### What you should do
Please copy out the entries below exactly, beginning with the line that contains "Botanical wedding planner" and ending with the line that contains "Reserved oversize črtasta", and include nothing outside that span.

### Data for review
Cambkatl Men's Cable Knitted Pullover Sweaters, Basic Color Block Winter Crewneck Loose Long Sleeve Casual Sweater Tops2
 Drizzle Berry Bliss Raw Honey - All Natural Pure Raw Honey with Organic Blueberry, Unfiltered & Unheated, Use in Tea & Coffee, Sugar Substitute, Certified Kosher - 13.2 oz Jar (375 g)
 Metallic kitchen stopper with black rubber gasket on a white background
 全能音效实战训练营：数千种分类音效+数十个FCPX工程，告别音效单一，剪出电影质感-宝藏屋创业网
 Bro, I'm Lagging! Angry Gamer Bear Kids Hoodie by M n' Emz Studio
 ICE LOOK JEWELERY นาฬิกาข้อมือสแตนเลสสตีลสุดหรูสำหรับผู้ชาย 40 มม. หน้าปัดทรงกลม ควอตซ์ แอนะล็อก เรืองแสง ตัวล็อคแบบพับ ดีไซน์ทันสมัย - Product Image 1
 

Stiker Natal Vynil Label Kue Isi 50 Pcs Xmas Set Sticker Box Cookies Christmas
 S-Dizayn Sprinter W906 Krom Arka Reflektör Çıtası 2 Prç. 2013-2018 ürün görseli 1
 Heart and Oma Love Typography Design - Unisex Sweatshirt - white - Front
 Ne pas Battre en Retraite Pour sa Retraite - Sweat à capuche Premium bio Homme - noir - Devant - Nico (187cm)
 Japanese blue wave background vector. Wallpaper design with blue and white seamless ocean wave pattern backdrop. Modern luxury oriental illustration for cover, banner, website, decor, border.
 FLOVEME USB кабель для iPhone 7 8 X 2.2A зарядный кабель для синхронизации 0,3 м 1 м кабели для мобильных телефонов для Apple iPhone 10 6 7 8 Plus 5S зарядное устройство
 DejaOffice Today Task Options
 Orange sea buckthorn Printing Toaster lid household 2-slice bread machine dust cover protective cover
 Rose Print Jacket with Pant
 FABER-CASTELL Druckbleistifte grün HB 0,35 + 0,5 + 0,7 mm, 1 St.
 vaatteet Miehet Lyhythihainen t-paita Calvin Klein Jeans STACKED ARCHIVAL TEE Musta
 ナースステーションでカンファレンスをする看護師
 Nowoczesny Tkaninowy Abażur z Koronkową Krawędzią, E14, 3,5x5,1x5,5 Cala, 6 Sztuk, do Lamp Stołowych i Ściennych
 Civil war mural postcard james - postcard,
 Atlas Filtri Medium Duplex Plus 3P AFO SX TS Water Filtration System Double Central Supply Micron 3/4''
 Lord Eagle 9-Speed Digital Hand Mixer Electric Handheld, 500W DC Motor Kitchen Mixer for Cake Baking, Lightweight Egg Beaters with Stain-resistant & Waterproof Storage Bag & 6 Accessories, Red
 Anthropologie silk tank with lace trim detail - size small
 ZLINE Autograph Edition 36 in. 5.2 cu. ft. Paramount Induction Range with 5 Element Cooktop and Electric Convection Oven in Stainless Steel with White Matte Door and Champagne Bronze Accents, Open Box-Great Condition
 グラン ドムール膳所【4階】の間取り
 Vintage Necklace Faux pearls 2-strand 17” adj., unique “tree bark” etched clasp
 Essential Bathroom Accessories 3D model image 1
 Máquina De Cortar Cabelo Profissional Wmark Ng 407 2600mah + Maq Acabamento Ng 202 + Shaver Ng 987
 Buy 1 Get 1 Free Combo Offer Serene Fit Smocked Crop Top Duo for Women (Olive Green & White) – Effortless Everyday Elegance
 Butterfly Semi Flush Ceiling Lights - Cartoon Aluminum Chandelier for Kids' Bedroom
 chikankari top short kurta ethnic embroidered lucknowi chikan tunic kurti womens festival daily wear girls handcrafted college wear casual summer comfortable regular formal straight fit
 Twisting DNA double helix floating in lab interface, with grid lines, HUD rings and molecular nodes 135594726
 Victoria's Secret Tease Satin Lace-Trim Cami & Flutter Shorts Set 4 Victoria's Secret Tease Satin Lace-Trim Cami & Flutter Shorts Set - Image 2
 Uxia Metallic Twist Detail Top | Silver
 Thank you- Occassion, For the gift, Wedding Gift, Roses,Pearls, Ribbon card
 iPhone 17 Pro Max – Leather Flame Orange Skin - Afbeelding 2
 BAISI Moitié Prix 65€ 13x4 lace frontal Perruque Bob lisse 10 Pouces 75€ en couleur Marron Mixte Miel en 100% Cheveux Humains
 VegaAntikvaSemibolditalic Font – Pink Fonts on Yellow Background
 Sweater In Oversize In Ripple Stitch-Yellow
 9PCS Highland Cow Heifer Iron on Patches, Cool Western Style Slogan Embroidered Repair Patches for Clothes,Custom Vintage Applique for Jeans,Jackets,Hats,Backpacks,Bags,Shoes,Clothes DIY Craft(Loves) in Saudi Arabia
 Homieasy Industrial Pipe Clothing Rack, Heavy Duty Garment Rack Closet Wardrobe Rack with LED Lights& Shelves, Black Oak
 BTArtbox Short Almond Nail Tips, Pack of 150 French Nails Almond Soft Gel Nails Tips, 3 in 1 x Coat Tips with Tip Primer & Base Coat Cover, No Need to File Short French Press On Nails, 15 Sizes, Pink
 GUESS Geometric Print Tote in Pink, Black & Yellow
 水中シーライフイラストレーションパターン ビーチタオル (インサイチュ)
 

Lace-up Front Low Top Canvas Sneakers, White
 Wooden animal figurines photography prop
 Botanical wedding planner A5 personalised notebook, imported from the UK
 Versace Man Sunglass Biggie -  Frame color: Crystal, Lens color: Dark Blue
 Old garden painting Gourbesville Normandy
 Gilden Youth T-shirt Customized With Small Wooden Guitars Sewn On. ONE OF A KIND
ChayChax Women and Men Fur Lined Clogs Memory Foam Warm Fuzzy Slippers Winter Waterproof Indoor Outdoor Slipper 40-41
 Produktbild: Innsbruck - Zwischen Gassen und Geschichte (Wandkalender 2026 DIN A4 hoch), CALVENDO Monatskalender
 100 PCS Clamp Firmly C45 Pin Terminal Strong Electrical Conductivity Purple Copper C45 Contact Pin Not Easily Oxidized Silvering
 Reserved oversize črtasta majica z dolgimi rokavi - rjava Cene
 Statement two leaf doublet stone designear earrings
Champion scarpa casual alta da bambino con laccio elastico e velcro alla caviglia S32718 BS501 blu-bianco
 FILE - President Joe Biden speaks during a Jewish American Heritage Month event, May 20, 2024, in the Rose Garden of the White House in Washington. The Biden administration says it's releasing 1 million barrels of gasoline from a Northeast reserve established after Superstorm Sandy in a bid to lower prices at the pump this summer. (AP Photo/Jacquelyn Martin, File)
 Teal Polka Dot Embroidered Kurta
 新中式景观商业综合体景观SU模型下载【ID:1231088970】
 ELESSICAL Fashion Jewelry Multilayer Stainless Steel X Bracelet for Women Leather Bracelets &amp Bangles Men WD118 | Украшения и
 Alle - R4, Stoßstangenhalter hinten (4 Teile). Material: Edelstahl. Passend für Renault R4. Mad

### Result for this task
 Botanical wedding planner A5 personalised notebook, imported from the UK
 Versace Man Sunglass Biggie -  Frame color: Crystal, Lens color: Dark Blue
 Old garden painting Gourbesville Normandy
 Gilden Youth T-shirt Customized With Small Wooden Guitars Sewn On. ONE OF A KIND
ChayChax Women and Men Fur Lined Clogs Memory Foam Warm Fuzzy Slippers Winter Waterproof Indoor Outdoor Slipper 40-41
 Produktbild: Innsbruck - Zwischen Gassen und Geschichte (Wandkalender 2026 DIN A4 hoch), CALVENDO Monatskalender
 100 PCS Clamp Firmly C45 Pin Terminal Strong Electrical Conductivity Purple Copper C45 Contact Pin Not Easily Oxidized Silvering
 Reserved oversize črtasta majica z dolgimi rokavi - rjava Cene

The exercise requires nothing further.